Kaczynski connection

Arrested carrying a silenced “ghost gun” built with untraceable parts from a three-dimensional printer, Mangione was charged in Pennsylvania with firearms and false-ID offences on Monday. He was then transferred to New York City, where he was charged with murder around 10pm, local time.

He was carrying a document that said “these parasites had it coming” and apologising for “any strife and trauma, but it had to be done,” a police officer said.

People from around the world following the case scoured the internet for information after his name became public. They found Mangione studied computer science and mathematics at the prestigious Penn State and graduated top of his class from one of Baltimore’s fanciest private schools.

Luigi Mangione being taken to court by authorities.
Luigi Mangione being taken to court by authorities. Credit: Fox/Fox

According to a now-deleted profile on the Goodreads book review website, he appeared to have read and liked an anti-technology manifesto written by Ted Kaczynski, the domestic US terrorist known as the Unabomber. A maths prodigy who became a recluse, Kaczynski murdered three people and injured 23 with mail bombs in the 1970s, ‘80s and ‘90s.

Magioni developed a hatred of the healthcare industry over the treatment of a sick relative, the New York Post reported, although an ex-housemate told the New York Times he told them in 2022 he had a misaligned spine which he intended to have operated on.

An X-ray on his X account showed a spine penetrated by four large pins. His spinal condition was so painful that he could not have sex, and didn’t date, the ex-housemate said.

Financially, Magioni may have actually benefited from America’s private-dominated healthcare system. His family owns Lorien Health Systems, a nursing home chain in the state of Maryland.

Hate messages

Affable and popular, Thompson also graduated top of his year, although at a public high school in country Iowa. He became an accountant and joined UnitedHealth Group, America’s largest health insurer, in 2004. He was made head of its insurance division in 2021.

The 50-year-old was walking to a meeting with investors when a person following in a dark hoodie and baseball cap shot him in the calf at 6.45am, local time, last Wednesday. As Thompson limped away, the shooter fired bullets into his torso. Cars drove by, apparently oblivious as Thompson lay dying on the ground.
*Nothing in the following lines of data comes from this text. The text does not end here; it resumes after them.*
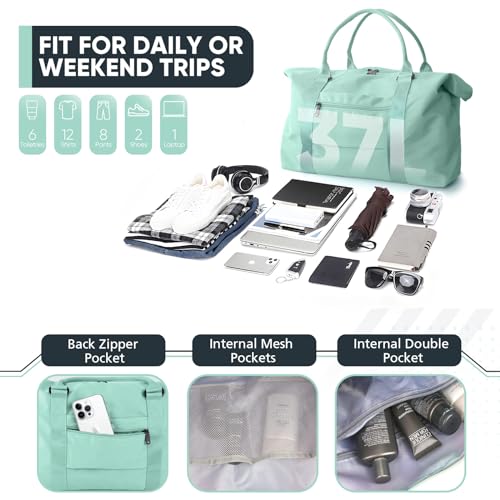 Easyfun Grass Weekender Travel Bag - Small Gym Bag for Men & Women, Overnight Bag with Trolley Sleeve, Airplane Travel Essentials - Image 3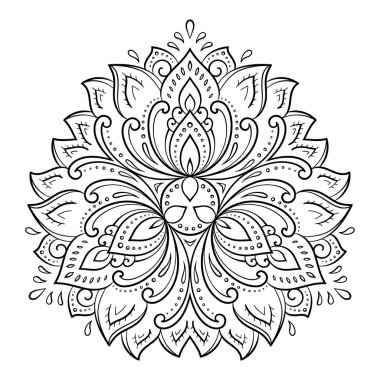 Kına, Mehndi, dövme ve dekorasyon için çiçekli dairesel desen. Etnik doğu tarzında dekoratif süs. Çizim el çizimi vektör illüstrasyonuName.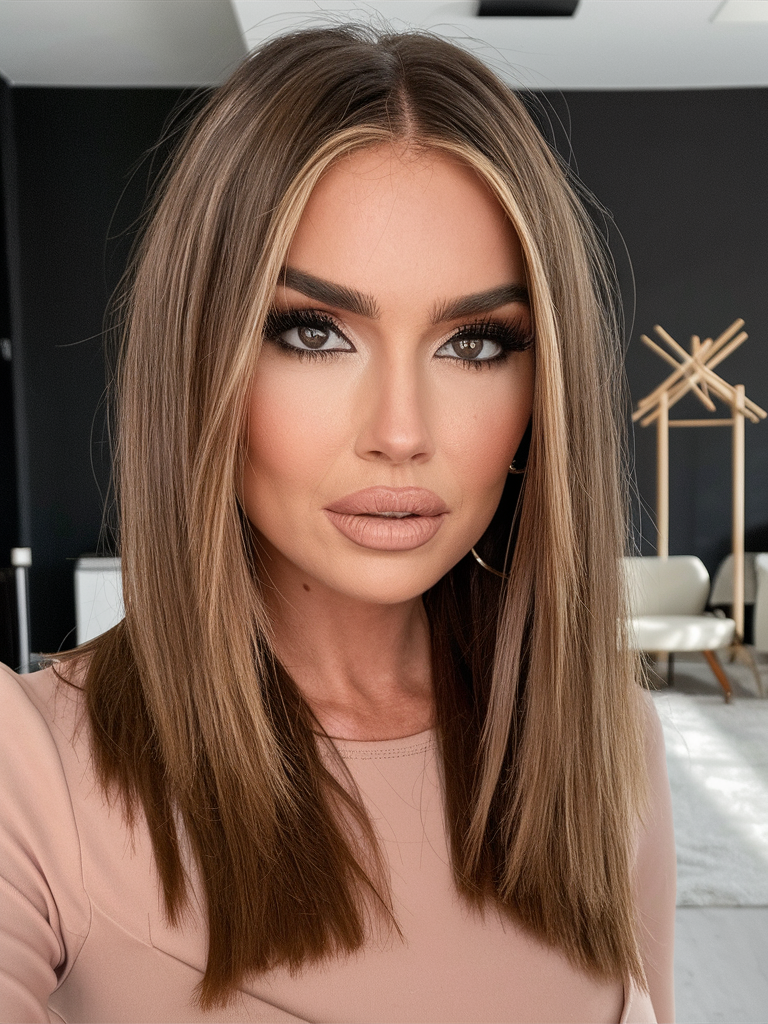 Bold blonde highlights, Pinterest-style, sleek chic design, hair trends 2026.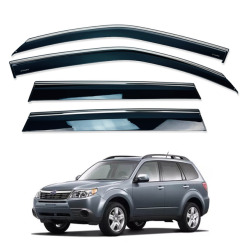 Вітровики для Subaru Forester 2008-2013 з хром молдингом (HAWK)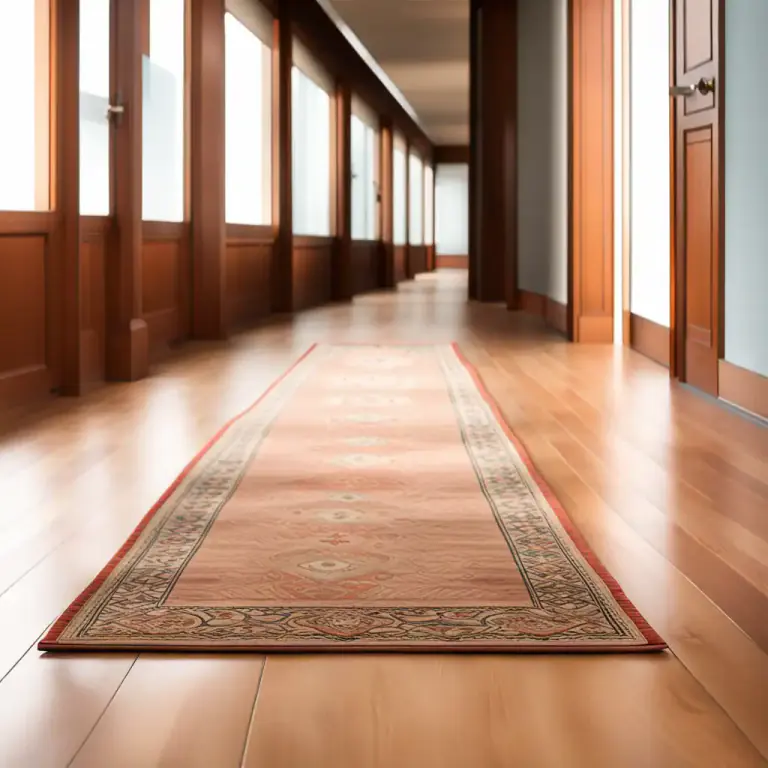 Visual representation of "runner" - A narrow rug that is used to cover a section of a floor, especially in a hallway.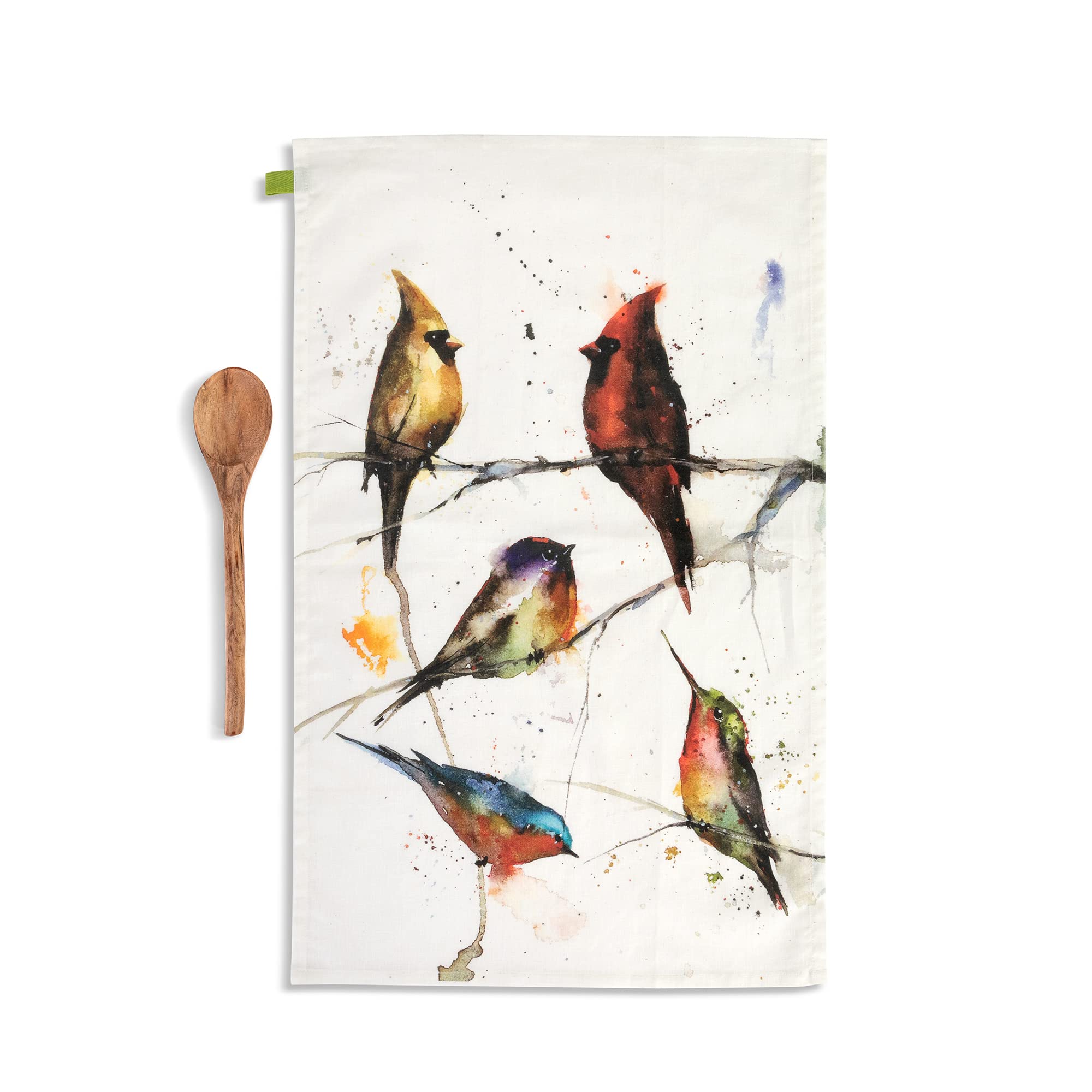 DEMDACO Birds in Tree Watercolor White Cotton Wood Towel and Utensil 2 Piece Set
With limited public healthcare in the US, UnitedHealth and its competitors have become perennial targets of social activists.

When Minnesota Governor and failed vice-presidential candidate Tim Walz expressed his sadness at the killing – UnitedHealth is based in his state – readers on social media responded with hundreds of abusive messages.

“Hopefully healthcare CEOs learned something from this,” one person wrote.

The celebration of Thompson’s death even turned off some of the industry’s bitter critics, including a Guardian columnist, Francine Prose, who described it as “the latest eruption of the left’s destructive rage”.

Thompson’s widow, Paulette Thompson, described her husband as an “incredibly loving, generous, talented man who truly lived life to the fullest”.

The couple had two children together.